An ordinance was introduced by a member of the city council in Winterville, Ga., titled the “City of Winterville Tobacco-Free Generation Ordinance.” At first blush, this seemed like a peculiar name for a local ordinance governing the lawful sale and consumption of tobacco products. Upon close inspection, it was peculiar indeed.
The purpose for the ordinance, as stated in the formal language, was “to establish a tobacco-free generation in the city of Winterville to provide for the continued good health of the citizens of Winterville.” To achieve this stated purpose, the ordinance would ban any tobacco-sales license holder from selling tobacco products to any individual who was born on or after Jan. 1, 2000. Thus, the city of Winterville was essentially considering an ordinance that was a complete prohibition on the sale of lawful products to legal-age consumers. This type of prohibition on lawful products to legal consumers is concerning.

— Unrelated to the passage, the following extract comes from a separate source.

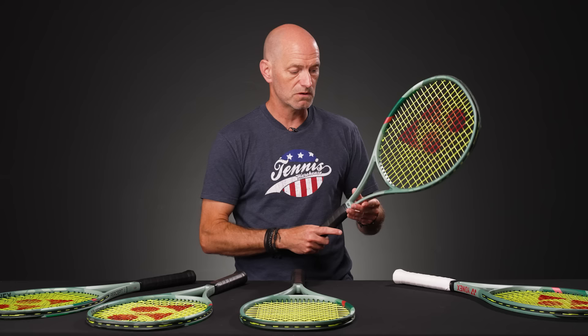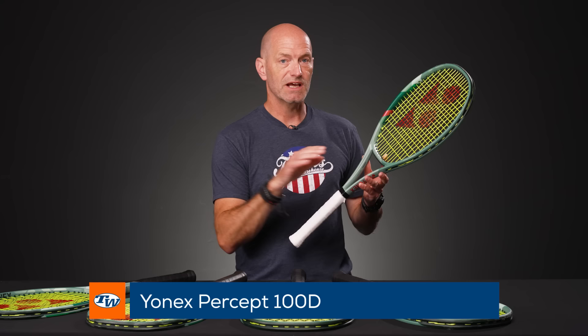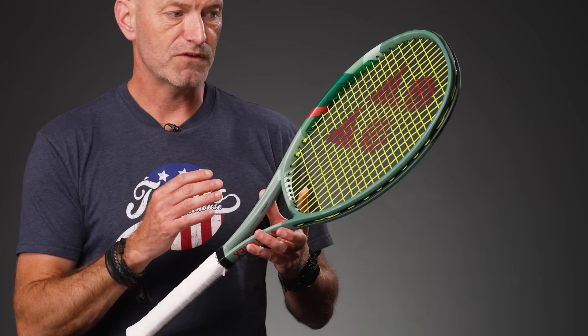I really liked the 100, and then my favorite — I've saved the best for me for last — is the 100D. So this is that 100 head size but with a denser string pattern. I get that more direct flight that I look for, because I'm not a huge topspin hitter. I do hit topspin, but I like to hit the ball a little flatter and drive through it more. I had the maneuverability I wanted to be super creative, but with that dense string pattern it's a great fit for me. I've loved it in both singles and doubles play — a really, really nice playing racket, and the more I used it the more I fell in love with it. That's the Percept 100D.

The city of Winterville was attempting to regulate tobacco licenses that were not granted by the city, but rather the state of Georgia. Traditionally, cities do have the authority to regulate their territory in the interest of safety, health and general welfare except where denied by law. In Georgia, the issuance of tobacco-sales licenses is controlled by the general state code, not local municipalities. Thus, passing an ordinance that would create a complete prohibition on the sale of tobacco products to legal adults in a local jurisdiction is conflicting and troublesome.
These types of local ordinances that would extinguish the rights of lawful adults to purchase and consume tobacco products now and into the future may continue to be considered in greater numbers under the banner of a “tobacco-free generation.” However, to be clear, these types of ordinances would create a complete prohibition on legal products to lawful adults and should be reacted to with grave concern given the failed experiment on the prohibition of alcohol that our country previously endured.
The ordinance in Winterville was recently rejected by the city council on a 3-1 vote. Prior to the vote, NATO submitted a letter to the council informing them that their proposed ordinance conflicted with Georgia state law. That communication likely had an influence in the final city council vote to not pass the ordinance.